Süddeutsche Zeitung

Merkel-Besuch in Washington:Trump tritt nach

Die erste Amtshandlung des US-Präsidenten am Tag nach dem Besuch von Merkel in Washington: Via Twitter schickt er ihr einen eisigen Gruß hinterher. Es geht um viel Geld. Was sonst?

Von Thorsten Denkler, New York

Es war ein langer Freitag für Donald Trump. Erst trifft er sich mit Hardcore-Konservativen. Dann mit Veteranen. Das waren die netten Termine. Den Rest des Tages musste er mit der deutschen Bundeskanzlerin verbringen. Der Frau, die Millionen Flüchtlinge ins Land gelassen hat.

Am Morgen danach wacht Trump auf. Und ihm scheint etwas eingefallen zu sein. Etwas, das er Angela Merkel unbedingt noch sagen wollte. Aber dafür gibt es ja Twitter. Seine beiden ersten Tweets am Samstagmorgen widmet er dieser dringenden Sache:

"Egal was Sie von den FAKE NEWS gehört haben, ich hatte ein GROSSARTIGES Treffen mit der deutschen Bundeskanzlerin Angela Merkel. Dennoch, Deutschland schuldet...

"... Dennoch, Deutschland schuldet der Nato riesige Summen & die Vereinigten Staaten müssen mehr Geld erhalten für die starke - und sehr teure - Verteidigung, die Deutschland zugute kommt."

Trump tritt nach. Anders ist der kleine Samstagmorgen-Ausfall kaum zu verstehen. Er erweckt den Eindruck, als sei Deutschland gegenüber der Nato und den USA zu irgendwelchen Zahlungen verpflichtet. Wieder ein Beleg dafür, dass Trump nicht ganz verstanden zu haben scheint, wie die Finanzierung der Nato funktioniert.

Richtig ist: Viele Nato-Staaten verfehlen derzeit das Ziel, mindestens zwei Prozent ihres jeweiligen Bruttoinlandsproduktes für Verteidigung auszugeben. Auch Deutschland.

Deshalb schuldet Deutschland der Nato aber nicht "riesige Summen". Und schon gar nicht den USA, wie Trump seinem Tweet nach zu glauben scheint. Direktes Geld an die Nato fließt nur in Form von Mitgliedsbeiträgen, mit denen die Nato-eigene Kommando-Struktur finanziert wird. An den Kosten von etwa zwei Milliarden Euro jährlich beteiligt sich Deutschland als zweitgrößter Zahler nach den USA (21,96 Prozent) mit 15,3 Prozent.

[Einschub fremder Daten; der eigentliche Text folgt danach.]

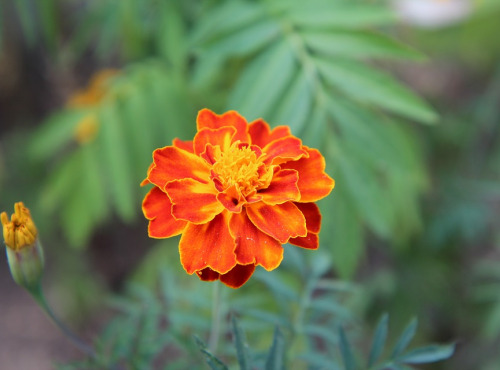 Les Jardins du Mas de Greil - Tagete, Fleurs fraîches barquette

Was könnte Trump dann meinen mit den Kosten für Deutschlands Landesverteidigung? Vielleicht möchte er Berlin die horrenden Kosten für mehr als ein Dutzend Militärstandorte in Deutschland, darunter fünf Kommandozentralen wie den US-Stützpunkt Ramstein, der Bundesregierung in Rechnung stellen. Aber davon war keine Rede bisher. Wäre auch schwierig. Deutschland zahlt schon Millionen dafür.

Die Frage der Nato-Finanzierung hat Merkel am Freitag in der gemeinsamen Pressekonferenz mit Trump offen angesprochen. Schon da hat sie ihm erklärt: Wir haben das Problem längst verstanden. Und längst gelöst. Schon Trumps Vorgänger Barack Obama war es ein Dorn im Auge, dass nur die USA und eine Handvoll anderer Staaten die Zwei-Prozent-Marke einhalten.

Auf dem Nato-Gipfel in Wales haben die Verbündeten deshalb schon 2014 vereinbart, "dass auch Deutschland seine Verteidigungsausgaben erhöhen wird", sagte Merkel. "Wir haben uns in Wales dem Zwei-Prozent-Ziel bis zum Jahr 2024 verpflichtet, haben im letzten Jahr unseren Verteidigungsetat um acht Prozent gesteigert und werden auch weiterhin in diese Richtung arbeiten." (Der Beschluss dazu steht hier)

Ob mehr Geld sinnvoll ist, ist eine andere Frage. Manche Experten wie Christian Mölling von der Stiftung Wissenschaft und Politik sähen es lieber, wenn die Nato auf Effizienz gebürstet wird. Statt immer mehr Geld in Verteidigung zu pumpen.